Graph Structure for Shared Facts & History of Connected Nodes

geronimo4j
Graph Buddy

Hi I'm hoping to see if the community might weigh in on a structure I'm looking at using. I'm trying to make a really scalable but really connected knowledge graph.

I currently have Movie nodes and then shared Widgets for tidbits of info. Simplified they might look like this:

(The Dark Knight)-[:HAS_DETAIL]->("Budget: 15000000")
(The Dark Knight)-[:HAS_DETAIL]->("Spoken Language: English")
(The Dark Knight)-[:HAS_DETAIL]->("Genre: Action")
(The Dark Knight)-[:HAS_DETAIL]->("Genre: Thriller") 
(The Dark Knight)-[:HAS_DETAIL]->("Genre: Superhero")

This works because i can have something like this:

(The Dark Knight)-[:HAS_DETAIL]->("Genre: Action") <-[:HAS_DETAIL]-(Tenet)

So two movies can share the same details, which makes the graph more connected and useful.

What I want to do next is level this up a bit, and have users able to add/modify these details (for whatever reason) and then also keep a history of all of the modifications.

To modify that I could just disconnect the nodes and add a new relationship to another Detail node and add the user's name and a timestamp to track when that node was added, but to keep track of the modifications, that breaks down because the relationship was where I would have been tracking the timestamp/username for that event.

For example:
(The Dark Knight)-[:HAS_DETAIL { added_by: "Dan", date_time: "11/30/2021" }]->("Genre: Action")

So this makes sense for all currently active connected relationships. For modifications (details that were removed) I could theoretically just try to make them inactive? E.g. if I remove this inaccurate genre:

(The Dark Knight)-[:HAS_DETAIL { added_by: "EvilPerson", date_time: "11/02/2021", active: false }]->("Genre: Comedy")

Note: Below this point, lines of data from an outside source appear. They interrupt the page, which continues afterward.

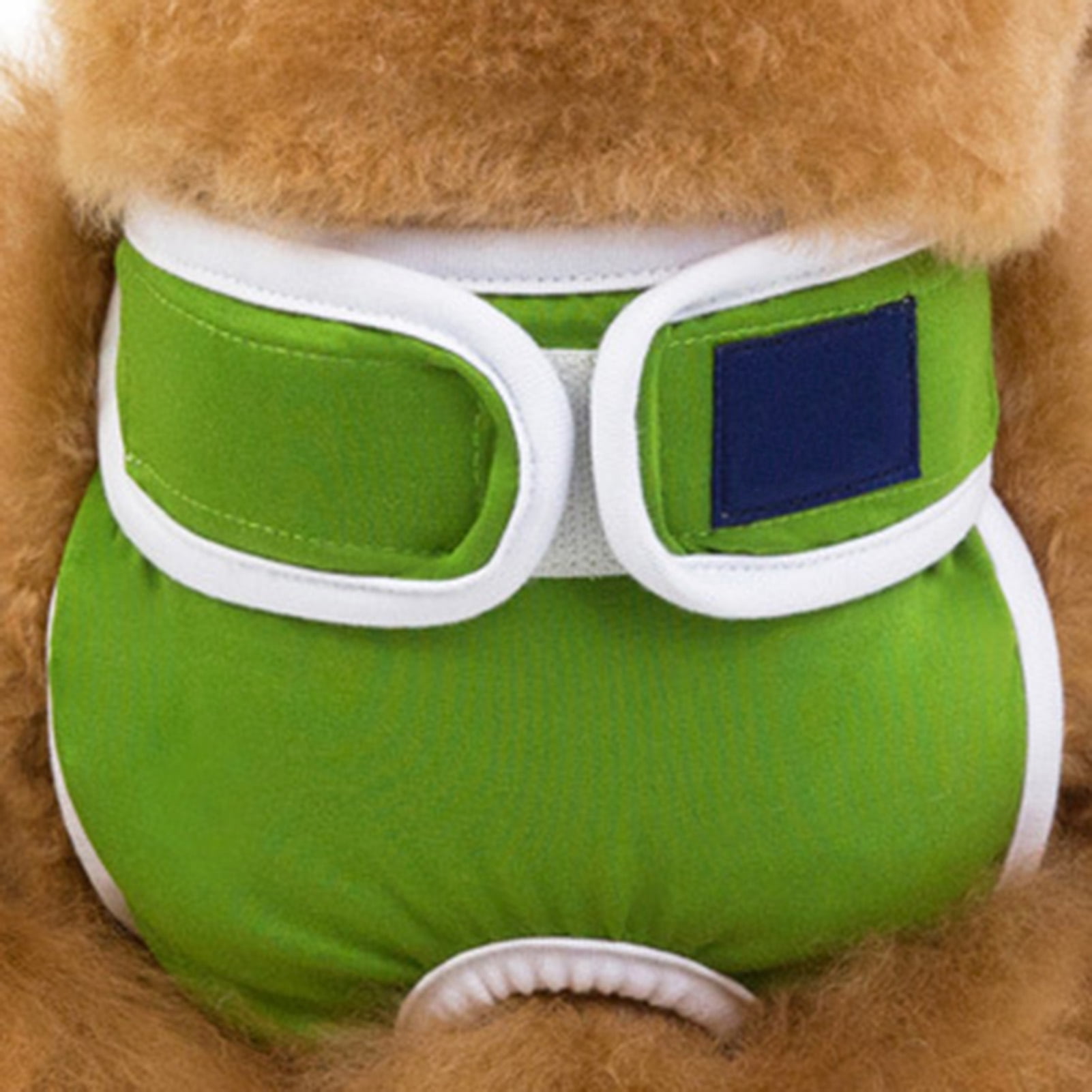 Travelwant Washable Dog Diapers Reusable Dog Diapers for Doggie Heat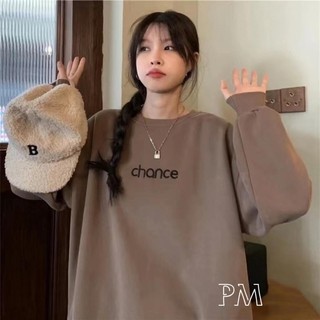 Áo nỉ bo CHANCE PM11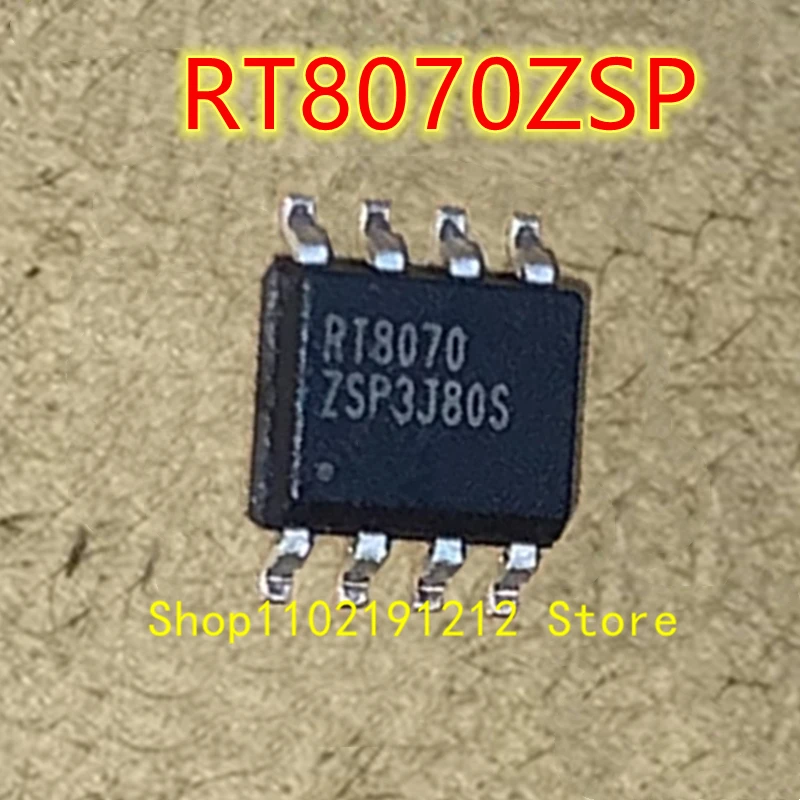 RT8070ZSP RT8070 SOP-8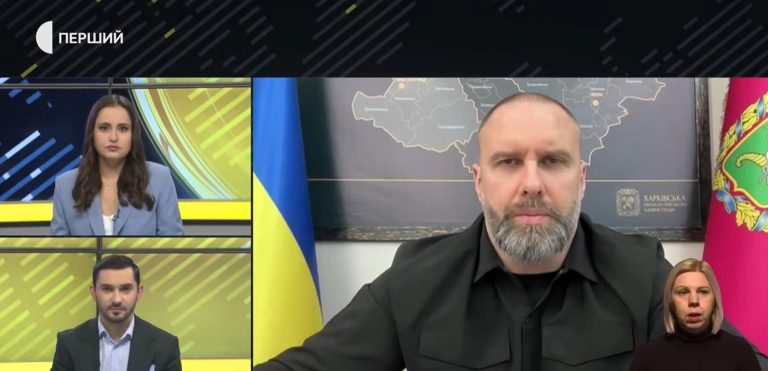 25 тысяч человек остались без света после атаки на Харьков, ситуация сейчас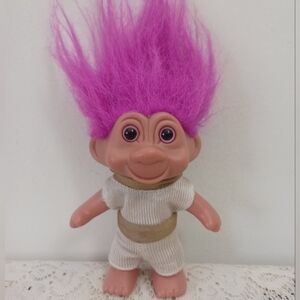90's Troll Doll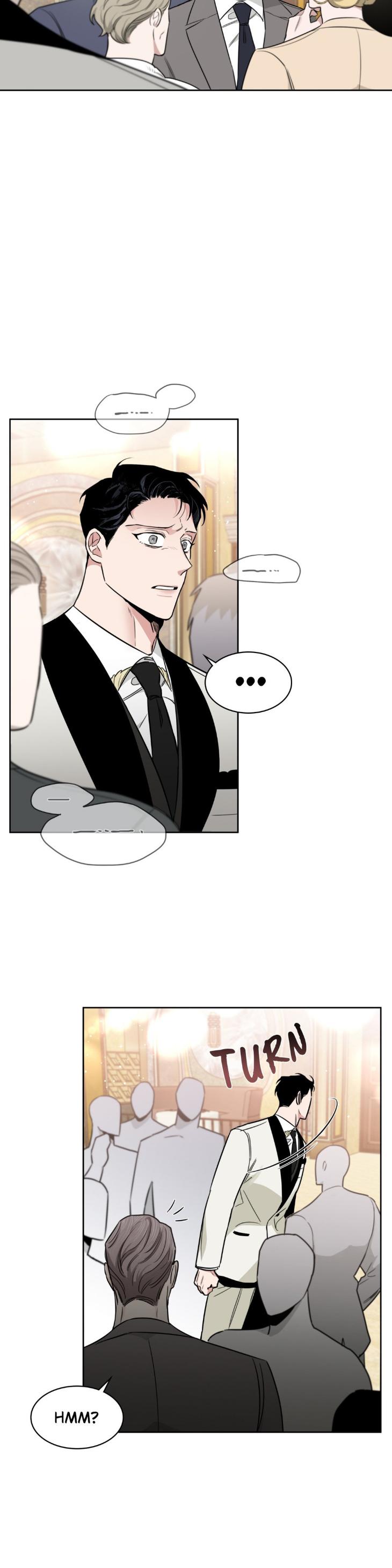 Roses And Champagne by Ttung gae – Uncensored [Eng] page 5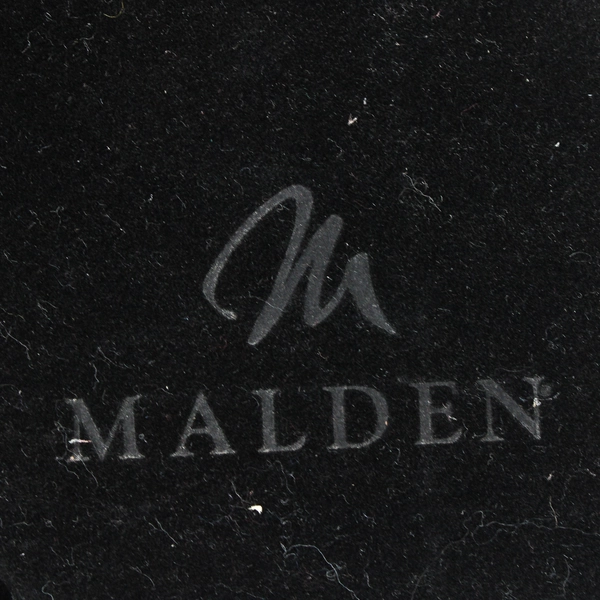 Malden Desk/Table Photo/Picture Frame 10" x 12", Metal with Pewter Look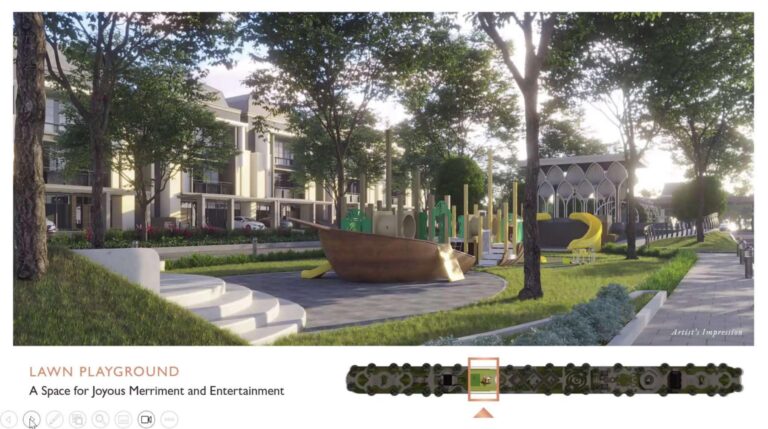 Armont BSD - Armont BSD Layout - Armont BSD City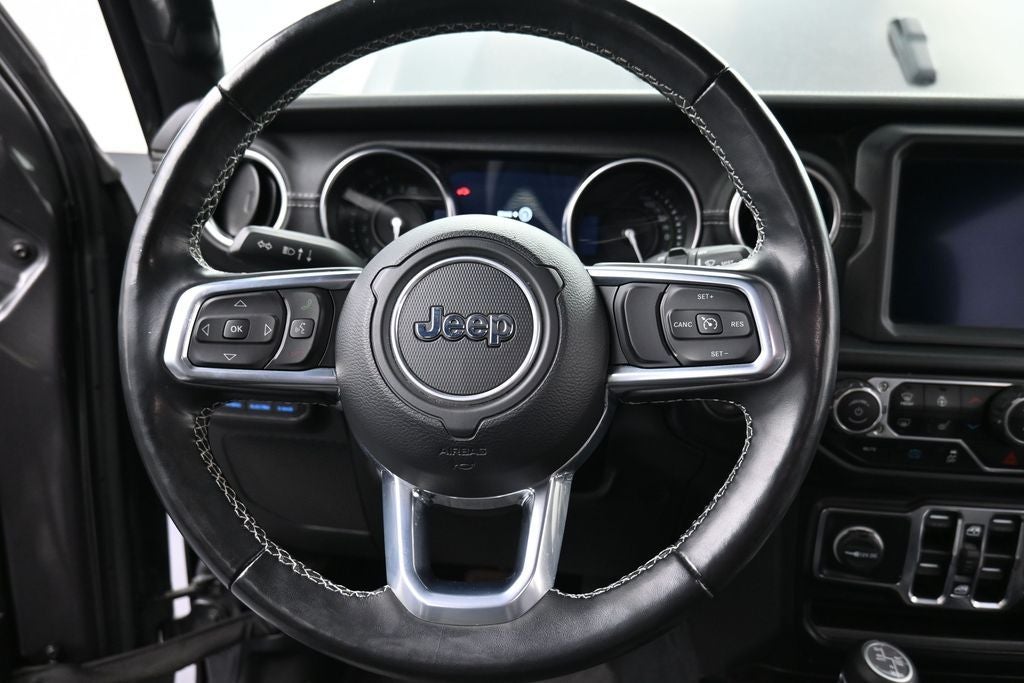 2022 Jeep Wrangler Unlimited Unlimited Sahara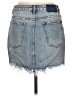 Ksubi Blue Denim Skirt Size 28 waist - photo 2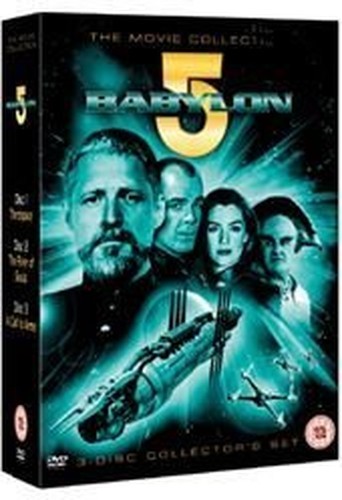 Babylon movie box set - 5,
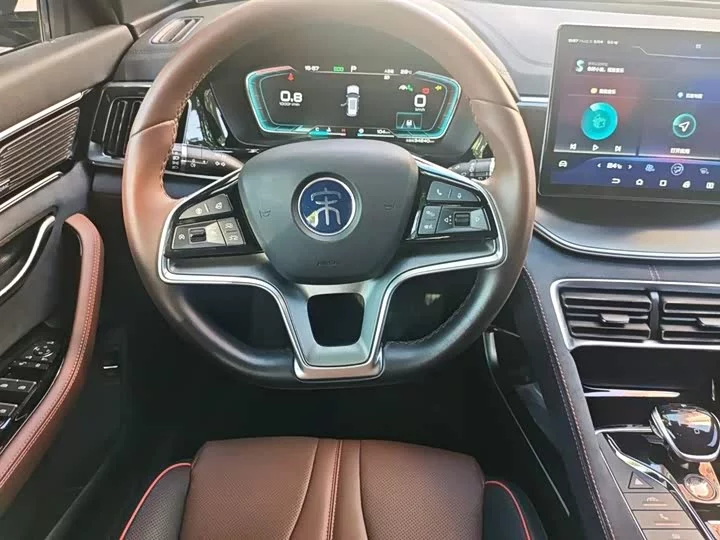 BYD Song PLUS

So to fetch the history of details I would fetch ALL relationships, to fetch active ones I would look for active: true. But this feels like it's a waste of a ton of relationships that would be stored for a very long time, and doesn't account for times when two nodes are connected, then separated, then reconnected because the relationship would be overwritten.

I hope this wasn't too confusing, but essentially I'm hoping to track the history of connected nodes (and I've checked a bunch of previous questions asked on here prior to asking), do people even keep nodes connected but have an "active"-like indicator in the relationship? Are there better ways to store histories of relationships?

1 REPLY 1

martin3
Node Clone

If you only have movies in the database, and want to keep track of modifications of movie details, and if all movies have the same kind of details, then maybe the relational database model would be the easiest model and method for you.

Then you could just store all the movies in one table, and have one column per detail. You could have another table for users, and a third table joining the users and movie table, for saving a history modifications of the movie table.

However, if you want to save information about relations between users and movies, or among users and among movies, then a graph database could be a good option.

NoSQL doesn't necessarily mean NotSQL, it just means not only SQL. SQL can also be OK

But if you want to do this in a graph database. Then I would also have User nodes and Modification nodes, maybe you could also have one sequential list of Timeline nodes for each history of modifications, or at least an Index property.